Snapshot, active and live stake. Assuming you create a delegation certificate in epoch N the snapshot of your wallet ADA amount will be taken at the start of epoch N+1 with the value held at the last block of epoch N, in the example this will be epoch 308. It then become the active stake in epoch N+2. In the example this would be epoch 309. The live stake is the amount at any given snapshot you hold in your wallet, and becomes the active stake in the next epoch after the snapshot. That means that if you move founds out of your wallet and back in again before the last block of the current epoch you will still register with the same amount, or for example if you buy more ada your live stake will increase, and will be registered in the snapshot in the next epoch and become the active stake in the the epoch after this.

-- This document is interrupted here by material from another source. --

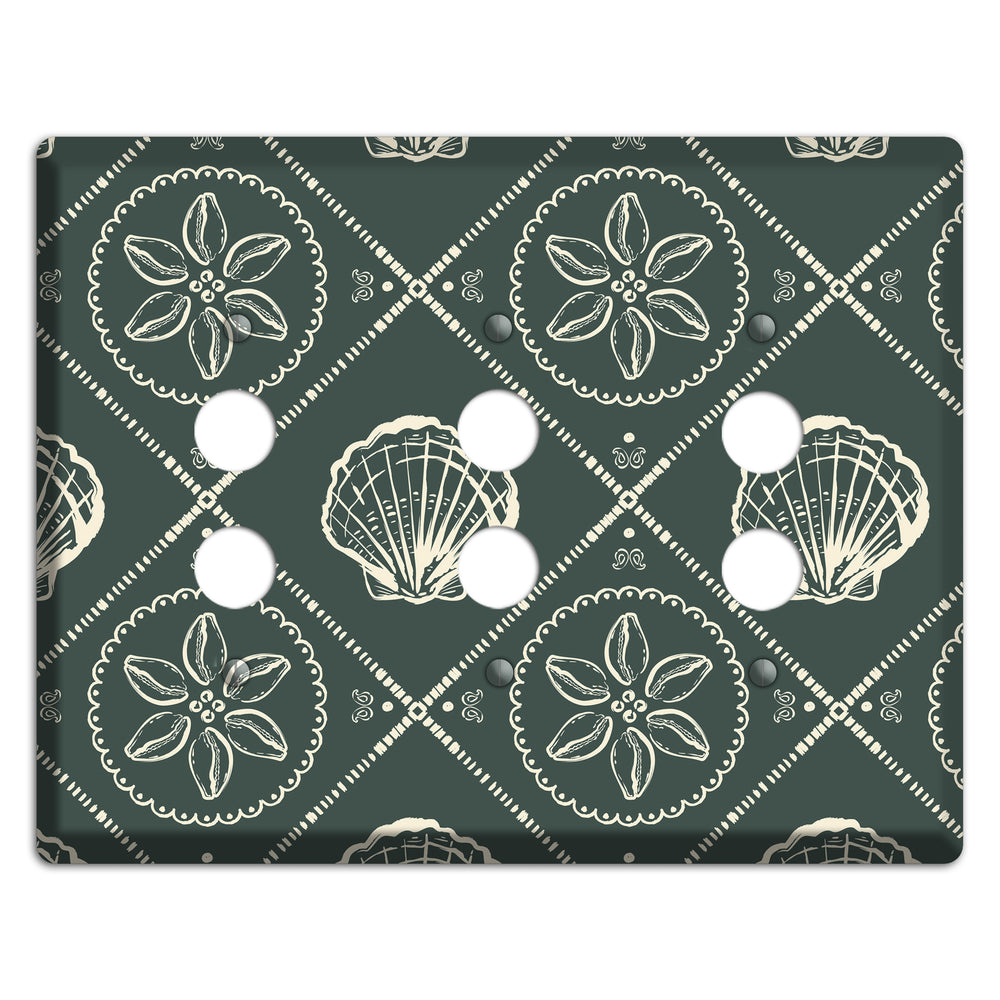 Slate Cowrie Medallion 3 Pushbutton Wallplate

Reward calculation Rewards are calculated in epoch N+3, in the example this would be epoch 310. That means rewards are always calculated for the previous epoch. It will be based on such factors as blocks produced by pool during epoch N+2 (the active stake period) and the overall reward pool that is distributed will also be influenced by factors such as transaction fees collected during the epoch on the network. The pool will also collect fees before rewards are distributed. It is important here to know that there is a minimum fee of 340 (pools can choose to increase this but never under the minimum fee parameter) ADA that is a cost spread out over all delegators of a pool, and also there is a % fee that each pool will deduct from each delegators reward. You can find a reward calculator here: https://cardano.org/calculator/?calculator=delegator and at the time of writing this guide you can expect on average around 4.6% annual return on your delegation.
Reward distribution Rewards are distributed at the start of the epoch after rewards calculation (technically at the end of the last block of the rewards calculation epoch) so N+4 or. In this example this would mean epoch 311. Keep in mind these are the rewards for the stake that was active in epoch N+2 (in this example epoch 309). These rewards are automatically part of the delegation of the wallet, but you will need to claim the rewards in a transaction (0.17 ADA currently) to send them from your wallet. At this point you will keep receiving rewards every epoch as long as you have an active stake amount.